Pope Leo XIV’s Voting History Reveals Clues About His Political Leanings

NEED TO KNOW
- Pope Leo XIV voted numerous times in his home state of Illinois, including in Republican primaries before Donald Trump became president.
- Most recently, he voted via absentee ballot in the 2024 presidential election.
- The new pope previously made comments discouraging acceptance of LGBTQ+ people, but in his first address as pontiff, he stressed the need for a church that can “receive everybody.”
Pope Leo XIV, the first pope from the United States, was a recurrent voter in his home state of Illinois.
The new pontiff, elected on May 8 to succeed the late Pope Francis, voted many times in Will County outside Chicago, Illinois, according to voting records obtained by The New York Times. He last voted in the most recent presidential election in November 2024 via absentee ballot.
Pope Leo, born Robert Francis Prevost in Chicago, voted in three Republican primaries in Will County between 2012 and 2016, and voted in zero Democratic primaries during that time frame. He did not vote in the 2020 presidential election or the 2022 midterm election, according to Will County records.
Illinois voters do not register with a specific party, so the new pope’s political affiliation in the United States has not been formally documented.
Months before he was elected the new pope, Leo took to social media to criticize Vice President J.D. Vance, a Catholic convert.

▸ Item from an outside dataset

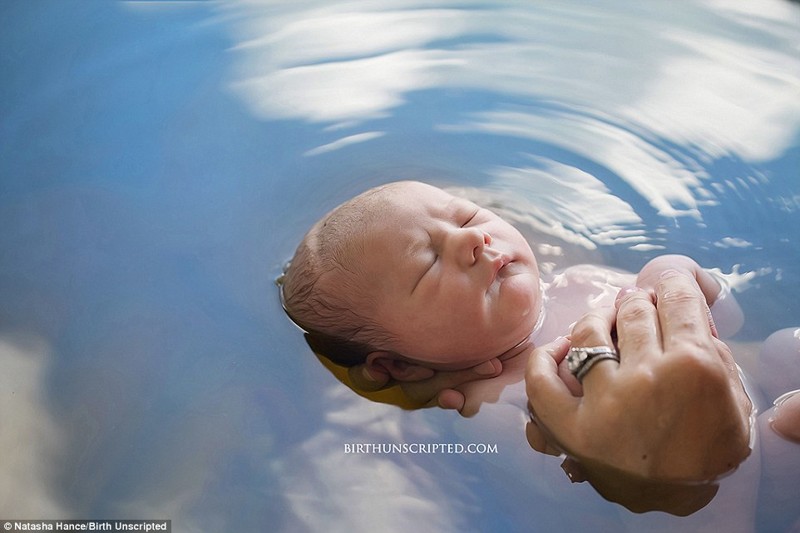 Победитель в номинации «После родов»: снимок Наташи Хэнс новорожденного, родившегося в воде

Vance stated in a Jan. 29 interview, “There is a Christian concept that you love your family and then you love your neighbor, and then you love your community, and then you love your fellow citizens, and then after that, prioritize the rest of the world. A lot of the far left has completely inverted that.”
In response, Leo took to X to share an opinion piece from NCR Online and restate the article’s headline: “JD Vance is wrong: Jesus doesn’t ask us to rank our love for others.”


The new pope has previously made comments apparently discouraging acceptance of LGBTQ+ people. In 2012, he criticized Western norms for fostering “sympathy for beliefs and practices that are at odds with the gospel,” per a May 2 report by The New York Times, citing the “homosexual lifestyle” and “alternative families comprised of same-sex partners and their adopted children.”
Additionally, while in Chiclayo, Peru, Leo discouraged education on gender ideology, claiming it “seeks to create genders that don’t exist,” he told a local outlet, according to the Times.
However, in his first public address as pope, Leo emphasized the need for a church that “builds bridges, establishes dialogues,” and the ability to “receive everybody that needs our charity, our presence, dialogue and love.”